Wir wissen, daß die Ursache solcher Stimmungen nicht nur Egoismen, Bequemlichkeit und die Lust sind, Sündenböcke zu suchen. Ihre Ursachen sind ungelöste politische Probleme. Ursache ist auch, daß gerade sozial Schwache in den Fremden zuerst einen Wettbewerber um Wohn- und Arbeitsplatz, um die Zukunft sehen. Die Politik macht sich natürlich mitschuldig, wenn sie Probleme liegenläßt; aber auch dann, wenn sie versucht, sich diese Angst zunutze zu machen, um eine politische Auseinandersetzung auf dem Rücken von Minderheiten auszutragen,

(Beifall bei Abgeordneten der FDP und bei der SPD)

auch dann, wenn sie den Menschen einfache Lösungen vorgaukelt, die es nicht geben kann,

(Beifall bei Abgeordneten der FDP und bei der SPD)

wenn sie den Glauben bestärkt, unsere ausländischen Mitbürger wären eine Belastung, während sie uns helfen,
wenn sie die Illusion bestärkt, wir bekämen eine stabilere Welt, wenn wir unsere Türen vor dem Elend verschließen.

(Beifall bei der SPD und dem Bündnis 90/GRÜNE)

Wenn wir diesen Menschen, die bei uns bessere Lebenschancen suchen, diese bei uns nicht bieten können, dann wird uns niemand davor schützen, daß wir diesen Menschen in ihrer Heimat Lebenschancen verschaffen oder uns selbst in einer Festung einmauern müssen. Jeder Politiker ist schuld an den Pogromen von Hoyerswerda und anderswo, der nicht den Mut hat, seinen Mitbürgern diese schlichte Wahrheit zu verkünden, bis sie sie verstanden haben.

(Beifall bei der FDP, der SPD, der PDS/Linke Liste und dem Bündnis 90/GRÜNE)

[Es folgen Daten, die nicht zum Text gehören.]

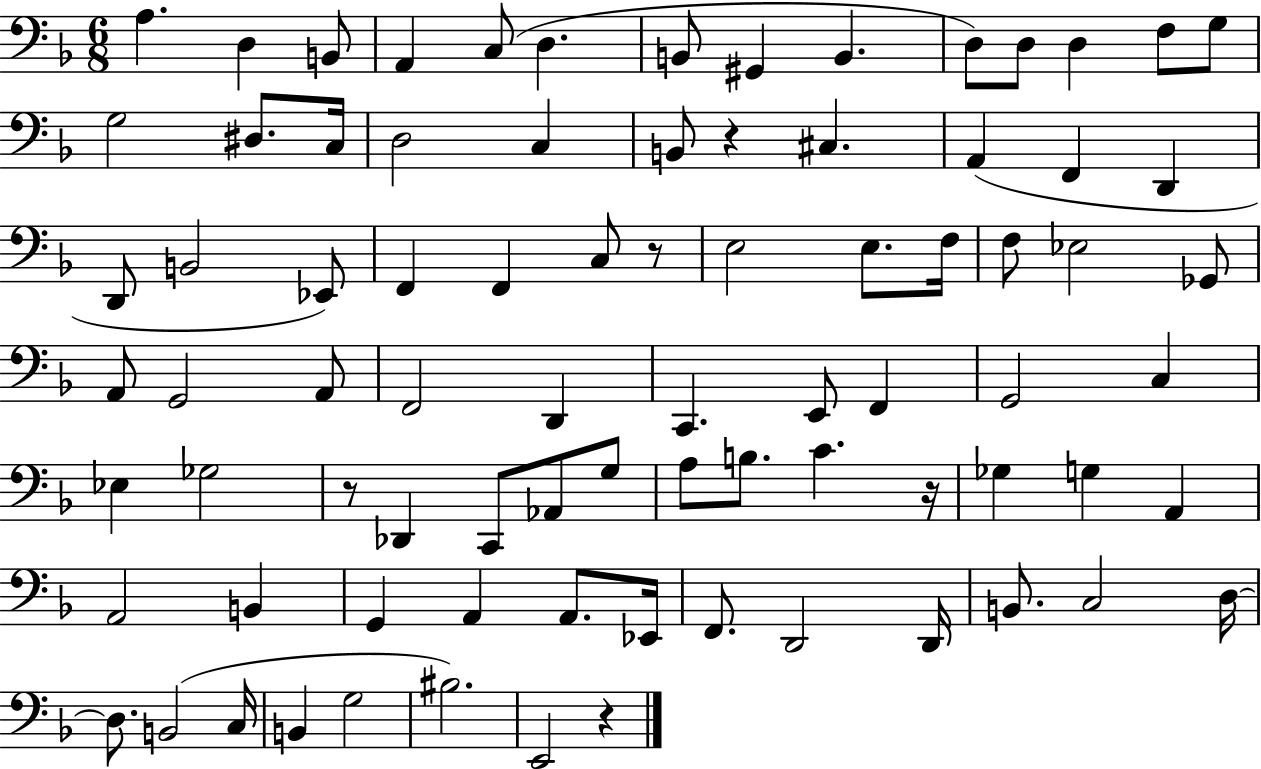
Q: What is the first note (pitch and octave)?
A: A3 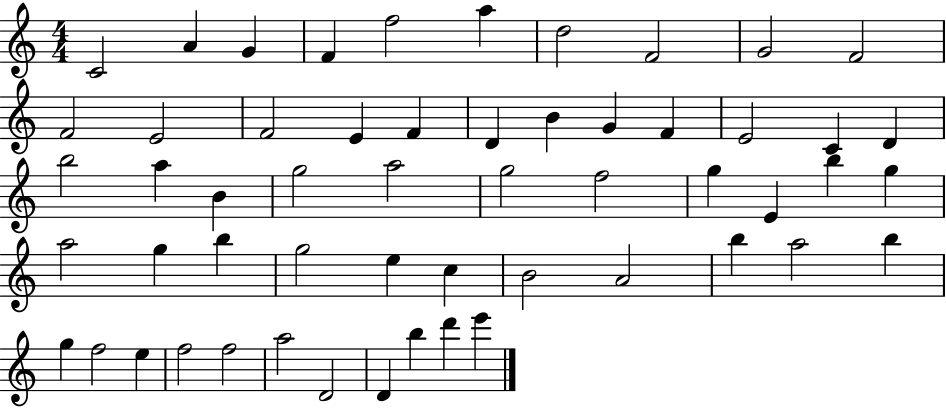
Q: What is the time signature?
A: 4/4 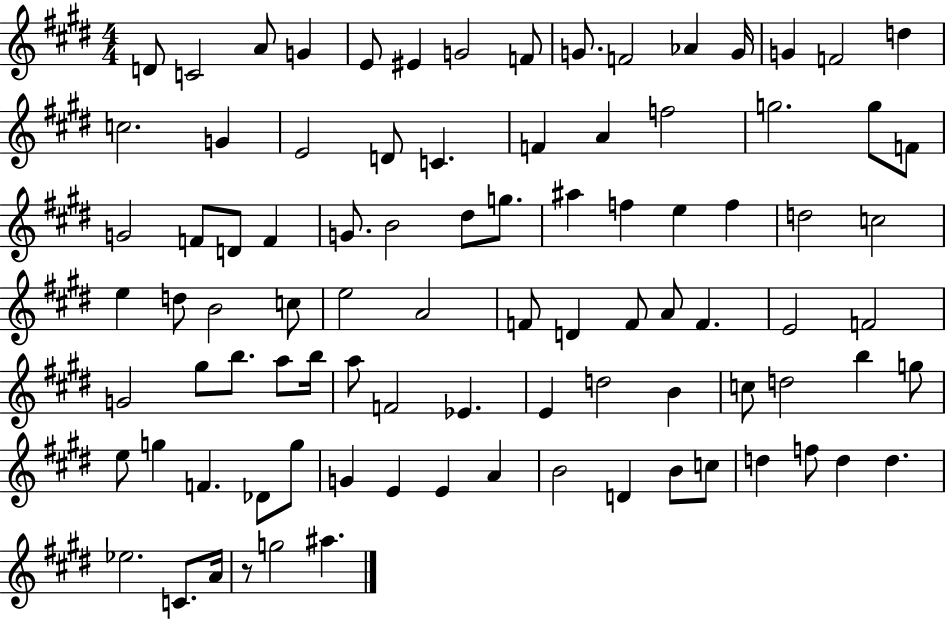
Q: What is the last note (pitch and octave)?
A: A#5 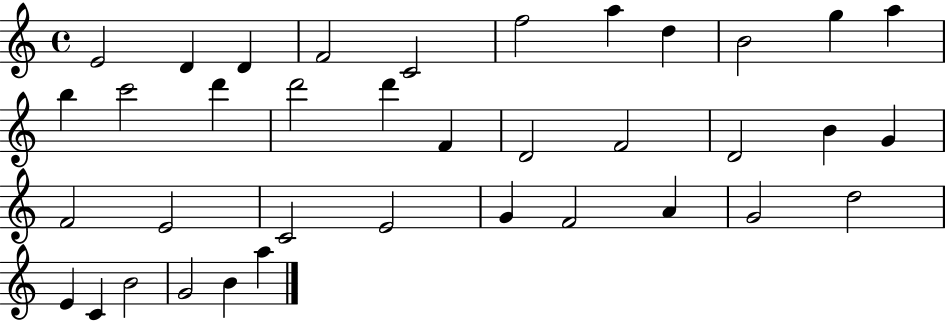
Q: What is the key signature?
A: C major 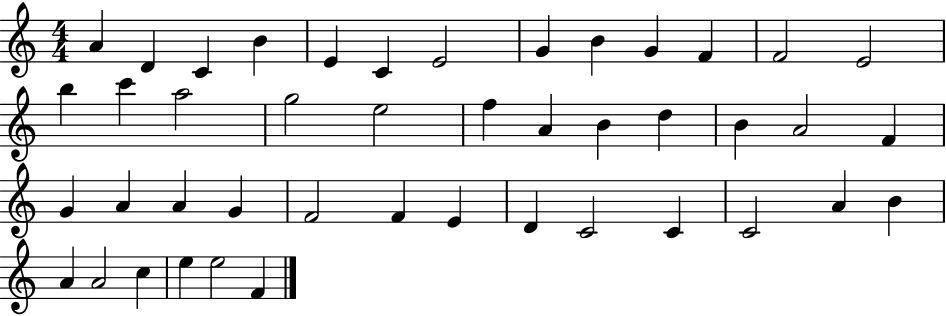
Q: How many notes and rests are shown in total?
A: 44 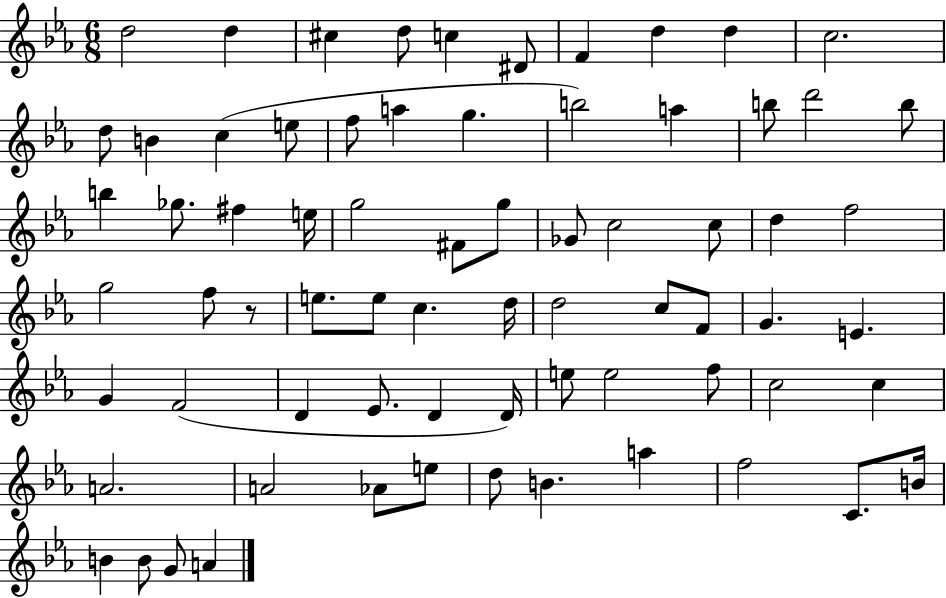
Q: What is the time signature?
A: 6/8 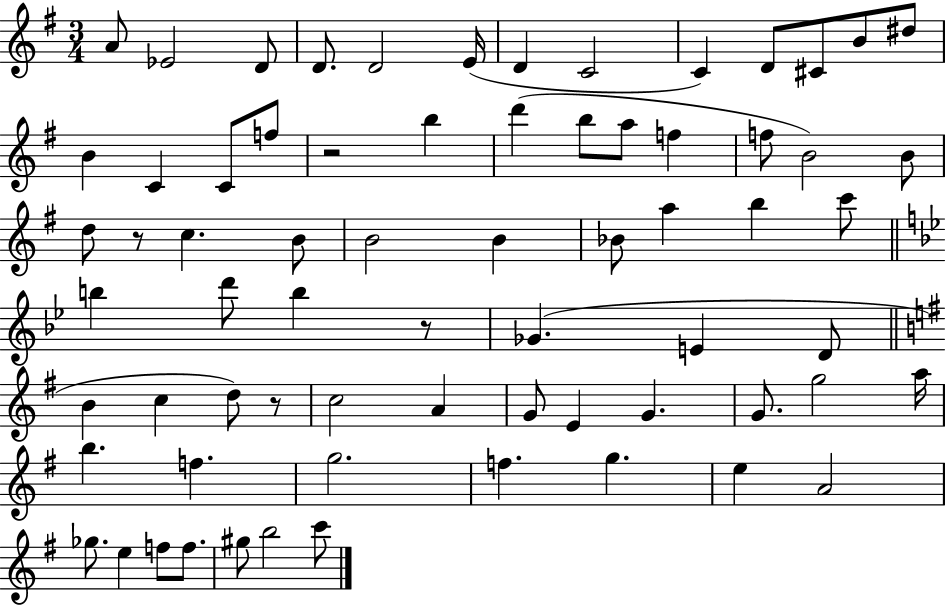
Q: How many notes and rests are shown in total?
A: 69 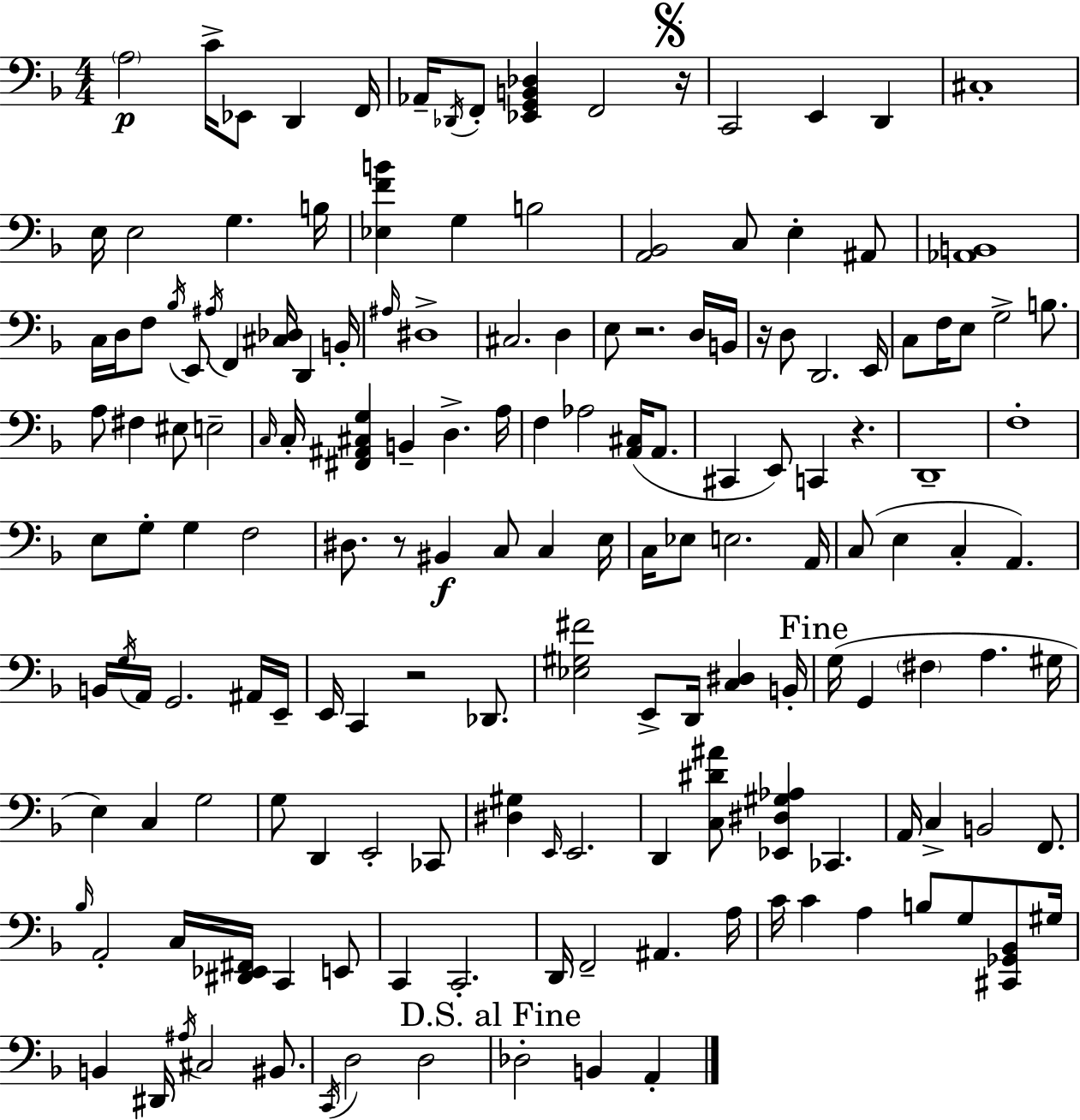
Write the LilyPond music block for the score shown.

{
  \clef bass
  \numericTimeSignature
  \time 4/4
  \key f \major
  \parenthesize a2\p c'16-> ees,8 d,4 f,16 | aes,16-- \acciaccatura { des,16 } f,8-. <ees, g, b, des>4 f,2 | \mark \markup { \musicglyph "scripts.segno" } r16 c,2 e,4 d,4 | cis1-. | \break e16 e2 g4. | b16 <ees f' b'>4 g4 b2 | <a, bes,>2 c8 e4-. ais,8 | <aes, b,>1 | \break c16 d16 f8 \acciaccatura { bes16 } e,8 \acciaccatura { ais16 } f,4 <cis des>16 d,4 | b,16-. \grace { ais16 } dis1-> | cis2. | d4 e8 r2. | \break d16 b,16 r16 d8 d,2. | e,16 c8 f16 e8 g2-> | b8. a8 fis4 eis8 e2-- | \grace { c16 } c16-. <fis, ais, cis g>4 b,4-- d4.-> | \break a16 f4 aes2 | <a, cis>16( a,8. cis,4 e,8) c,4 r4. | d,1-- | f1-. | \break e8 g8-. g4 f2 | dis8. r8 bis,4\f c8 | c4 e16 c16 ees8 e2. | a,16 c8( e4 c4-. a,4.) | \break b,16 \acciaccatura { g16 } a,16 g,2. | ais,16 e,16-- e,16 c,4 r2 | des,8. <ees gis fis'>2 e,8-> | d,16 <c dis>4 b,16-. \mark "Fine" g16( g,4 \parenthesize fis4 a4. | \break gis16 e4) c4 g2 | g8 d,4 e,2-. | ces,8 <dis gis>4 \grace { e,16 } e,2. | d,4 <c dis' ais'>8 <ees, dis gis aes>4 | \break ces,4. a,16 c4-> b,2 | f,8. \grace { bes16 } a,2-. | c16 <dis, ees, fis,>16 c,4 e,8 c,4 c,2.-. | d,16 f,2-- | \break ais,4. a16 c'16 c'4 a4 | b8 g8 <cis, ges, bes,>8 gis16 b,4 dis,16 \acciaccatura { ais16 } cis2 | bis,8. \acciaccatura { c,16 } d2 | d2 \mark "D.S. al Fine" des2-. | \break b,4 a,4-. \bar "|."
} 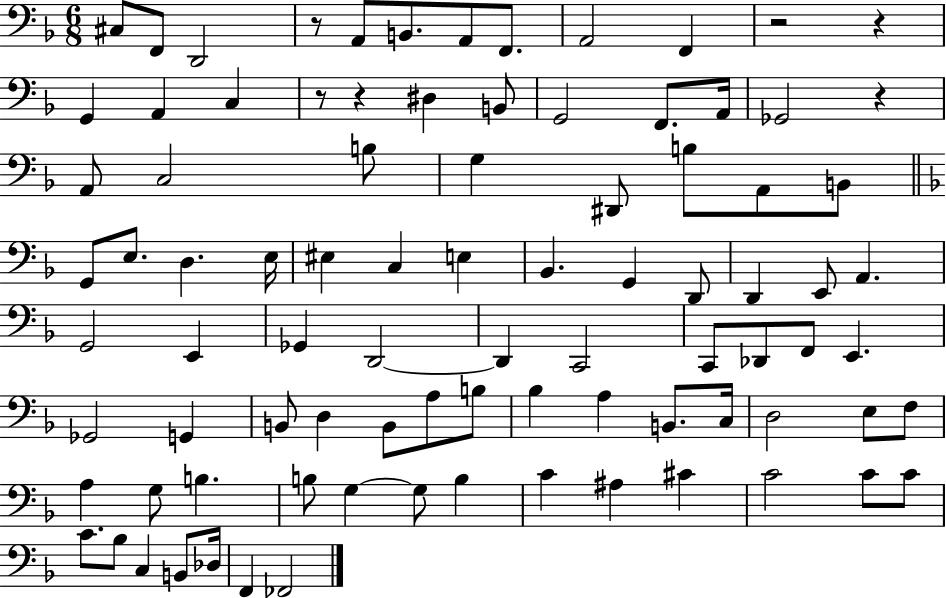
C#3/e F2/e D2/h R/e A2/e B2/e. A2/e F2/e. A2/h F2/q R/h R/q G2/q A2/q C3/q R/e R/q D#3/q B2/e G2/h F2/e. A2/s Gb2/h R/q A2/e C3/h B3/e G3/q D#2/e B3/e A2/e B2/e G2/e E3/e. D3/q. E3/s EIS3/q C3/q E3/q Bb2/q. G2/q D2/e D2/q E2/e A2/q. G2/h E2/q Gb2/q D2/h D2/q C2/h C2/e Db2/e F2/e E2/q. Gb2/h G2/q B2/e D3/q B2/e A3/e B3/e Bb3/q A3/q B2/e. C3/s D3/h E3/e F3/e A3/q G3/e B3/q. B3/e G3/q G3/e B3/q C4/q A#3/q C#4/q C4/h C4/e C4/e C4/e. Bb3/e C3/q B2/e Db3/s F2/q FES2/h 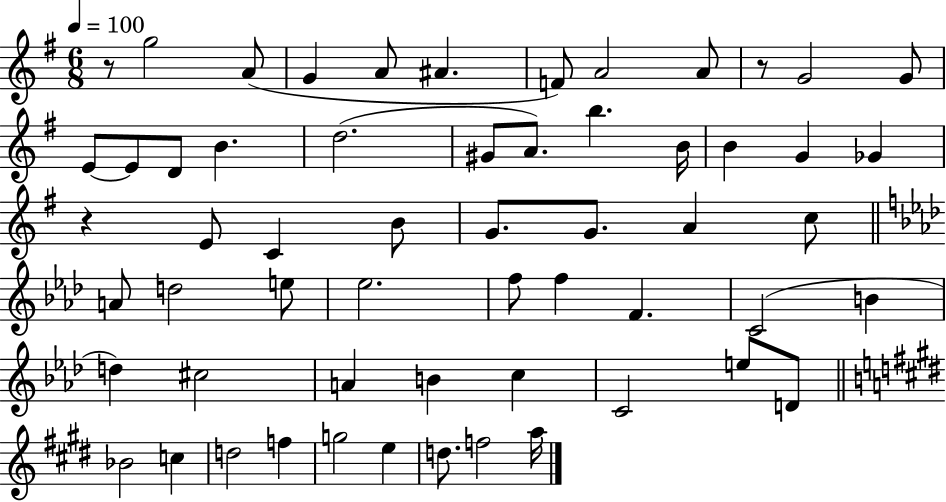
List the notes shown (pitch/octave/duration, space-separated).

R/e G5/h A4/e G4/q A4/e A#4/q. F4/e A4/h A4/e R/e G4/h G4/e E4/e E4/e D4/e B4/q. D5/h. G#4/e A4/e. B5/q. B4/s B4/q G4/q Gb4/q R/q E4/e C4/q B4/e G4/e. G4/e. A4/q C5/e A4/e D5/h E5/e Eb5/h. F5/e F5/q F4/q. C4/h B4/q D5/q C#5/h A4/q B4/q C5/q C4/h E5/e D4/e Bb4/h C5/q D5/h F5/q G5/h E5/q D5/e. F5/h A5/s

FAZIT: Starke Worte, die auch heute noch uneingeschränkt ihre Gültigkeit besitzen. Diese Rede könnte so heute noch einmal im Deutschen Bundestag gehalten werden und niemand würde die Aktualität anders sehen. Ein starker Politiker, der der FDP viel Profil gegeben hatte, das ihr nun schon seit so vielen Jahren fehlt!